Is the pricing strategy right vis-à-vis the value given to the customer?

How convenient is it for the end consumer to patronize you—are you in a good location (place)?

Your marketing (promotion / advertising / PR) —is it effective? Will it engender loyalty?

Other Ps to consider – packaging –is it environmentally friendly? People—are your people good ambassadors of your brand or are they causing harm to your brand?

Make no mistake, franchising is not an elixir. Even an established name has to face the tough challenges.

We all know franchising comes with many perks- support from a big franchise firm, starting out under a well-recognized brand name…Any potential cons for a franchisee firm

Yes, a recognized name will definitely be an advantage as an unknown name will need time to gain the confidence of the end-consumer thereby affecting sales. The initial training provided and the franchisor’s handholding in the early stages will be invaluable. Unlike start-ups, there will not be time and money wasted on trials and errors.
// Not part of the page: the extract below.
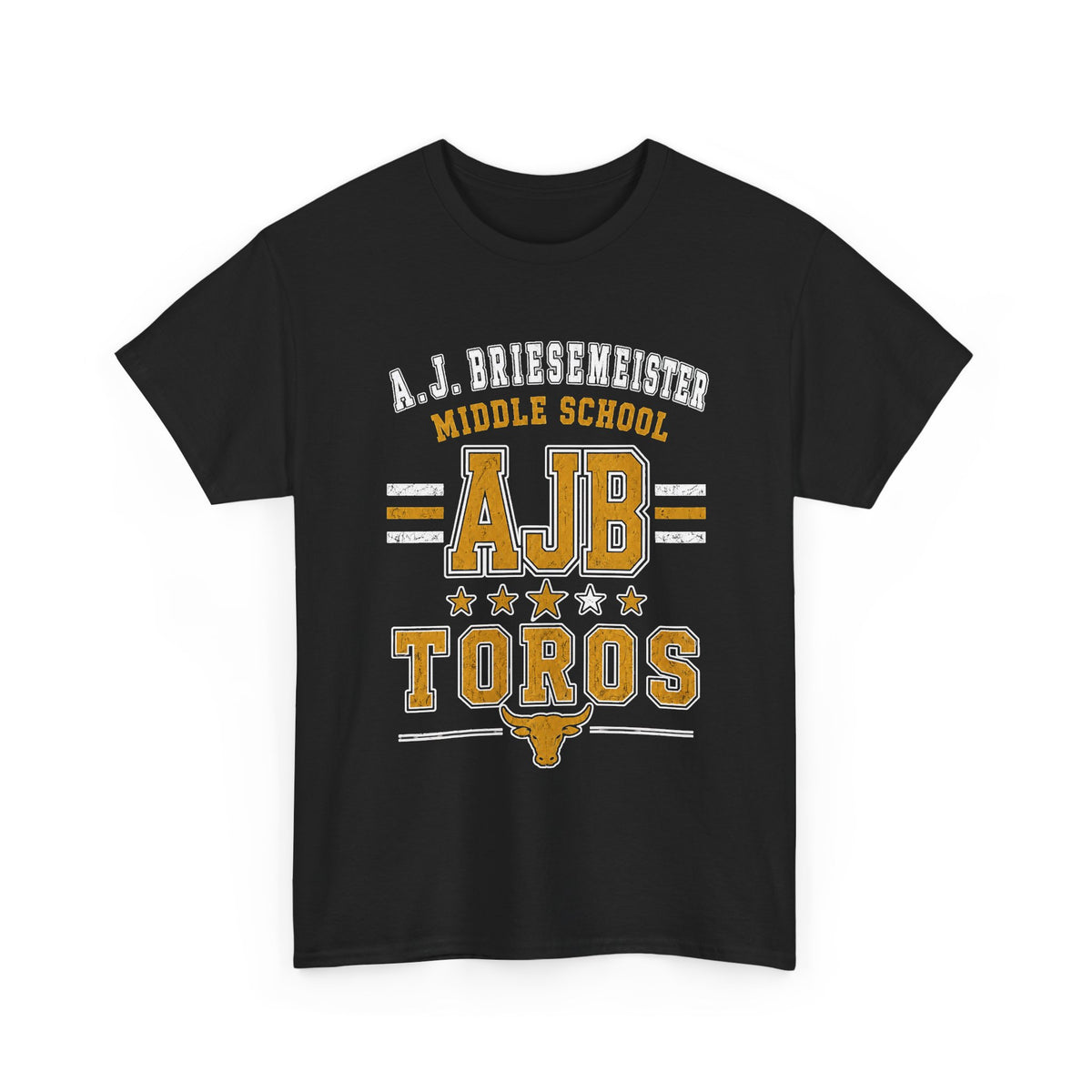 A.J. Briesemeister Middle School AJB Toros T-Shirt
Also, the continuous innovations, R&D conducted by the franchisor will help ensure your brand is ahead or at least not seen as inferior to the competition.
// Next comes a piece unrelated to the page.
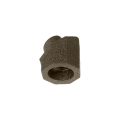 Dekor Round Aluminum Baluster Drilled-In Stair Connectors - Top Rail View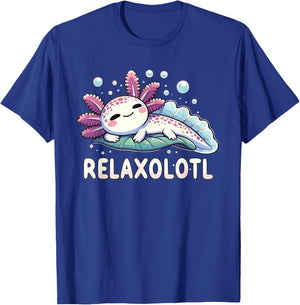Relaxolotl Axolotl Lovers Cute Animals Relax Cute Axolotl T-Shirt - T-Shirt | Royal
However, you will never actually know what kind of long-term franchisor-franchisee relationship you will have until some time has passed. No matter how huge or famous the franchisor is, let’s face it, at the end of the day, many human beings are involved in this relationship, be in in operations, supply, training, marketing, finance, and so on.

At the end of the day, both parties – the franchisor and the franchisee have to make the relationship work. In the unlikely event that the franchisor backslides ( and competitors have caught up, but you’re still stuck with the brand) , the franchisee will begin to question why they (the franchisee) are paying regular royalties to the former (franchisor). Doubts and unhappiness will fester, and the relationship might even be terminated….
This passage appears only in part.